Vanitas’s voice trailed away into nothing. Acer swallowed. Cleared his throat. “What?”

“No,” Vanitas answered. “No, I am not involved with the Astra Non Obligant. Group. Or the man who appeared on the grandis speculum today. …I saw him,” he offered, thoughtfully. “Heard his speech. But…I’m not…entirely sure…why you’d think I was. Involved. With them.”

Acer stared pointedly at the bloody pen factory surrounding them, and although he didn’t look up as he sheathed the pen’s core components within a simple metal holder, Vanitas chuffed in response.

“The pen used to kill the magister – if it…was…the pen that killed the magister – was most likely a singular weapon, for a singular opportunity, at a…singular…event.” Vanitas capped his newly-made pen and gently set it to one side – next to several others just like it.

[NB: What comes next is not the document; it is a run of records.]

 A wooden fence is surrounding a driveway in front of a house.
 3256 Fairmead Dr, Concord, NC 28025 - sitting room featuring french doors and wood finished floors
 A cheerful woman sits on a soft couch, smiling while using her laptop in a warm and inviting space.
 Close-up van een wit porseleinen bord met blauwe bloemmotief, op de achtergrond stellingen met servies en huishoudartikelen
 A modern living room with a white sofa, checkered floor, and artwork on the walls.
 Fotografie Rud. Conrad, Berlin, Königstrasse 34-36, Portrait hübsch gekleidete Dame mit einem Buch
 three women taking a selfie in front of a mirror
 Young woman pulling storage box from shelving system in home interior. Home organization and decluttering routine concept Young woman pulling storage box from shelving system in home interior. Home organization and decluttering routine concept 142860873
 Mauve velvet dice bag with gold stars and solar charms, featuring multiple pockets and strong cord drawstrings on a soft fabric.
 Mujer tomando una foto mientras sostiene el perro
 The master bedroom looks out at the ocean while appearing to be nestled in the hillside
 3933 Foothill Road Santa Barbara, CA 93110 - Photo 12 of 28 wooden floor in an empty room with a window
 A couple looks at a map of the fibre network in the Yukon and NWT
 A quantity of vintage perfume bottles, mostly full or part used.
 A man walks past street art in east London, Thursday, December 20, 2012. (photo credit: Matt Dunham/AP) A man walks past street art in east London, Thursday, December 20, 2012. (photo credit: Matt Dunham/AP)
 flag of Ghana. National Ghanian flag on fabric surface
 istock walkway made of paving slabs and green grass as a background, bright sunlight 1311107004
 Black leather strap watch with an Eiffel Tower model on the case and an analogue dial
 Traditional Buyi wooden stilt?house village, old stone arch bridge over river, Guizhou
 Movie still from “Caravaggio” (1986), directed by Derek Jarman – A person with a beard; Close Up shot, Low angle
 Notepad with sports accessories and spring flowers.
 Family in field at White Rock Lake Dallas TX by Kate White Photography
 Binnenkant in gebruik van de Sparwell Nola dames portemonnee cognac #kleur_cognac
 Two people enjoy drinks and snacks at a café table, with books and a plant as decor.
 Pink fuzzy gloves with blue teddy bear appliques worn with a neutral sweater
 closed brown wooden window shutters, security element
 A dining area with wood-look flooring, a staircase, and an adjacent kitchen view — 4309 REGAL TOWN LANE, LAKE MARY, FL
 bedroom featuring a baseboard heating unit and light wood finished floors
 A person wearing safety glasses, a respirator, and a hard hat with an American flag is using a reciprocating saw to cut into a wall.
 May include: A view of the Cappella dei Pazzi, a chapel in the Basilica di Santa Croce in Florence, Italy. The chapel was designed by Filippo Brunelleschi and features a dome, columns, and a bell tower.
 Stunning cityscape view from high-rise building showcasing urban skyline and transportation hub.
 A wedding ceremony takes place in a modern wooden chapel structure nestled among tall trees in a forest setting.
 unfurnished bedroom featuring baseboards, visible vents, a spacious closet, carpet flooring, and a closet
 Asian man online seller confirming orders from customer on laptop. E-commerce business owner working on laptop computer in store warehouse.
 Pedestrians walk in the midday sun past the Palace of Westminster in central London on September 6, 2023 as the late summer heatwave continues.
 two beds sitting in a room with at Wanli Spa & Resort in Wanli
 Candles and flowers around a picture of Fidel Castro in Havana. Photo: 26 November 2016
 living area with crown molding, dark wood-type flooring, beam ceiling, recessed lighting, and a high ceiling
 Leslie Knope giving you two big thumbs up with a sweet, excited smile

This time when he met Acer’s gaze, he locked on, and Acer was instantly reminded that he preferred it when Vanitas’s focus was on something else. The way Vanitas stared was uncomfortable. Acer wasn’t sure which was worse: the dead, flat color of Vanitas’s natural eye or the glow of the robotic device he’d used to replace his right.

“I don’t imagine they have any interest in…mass-production of the murder weapon.”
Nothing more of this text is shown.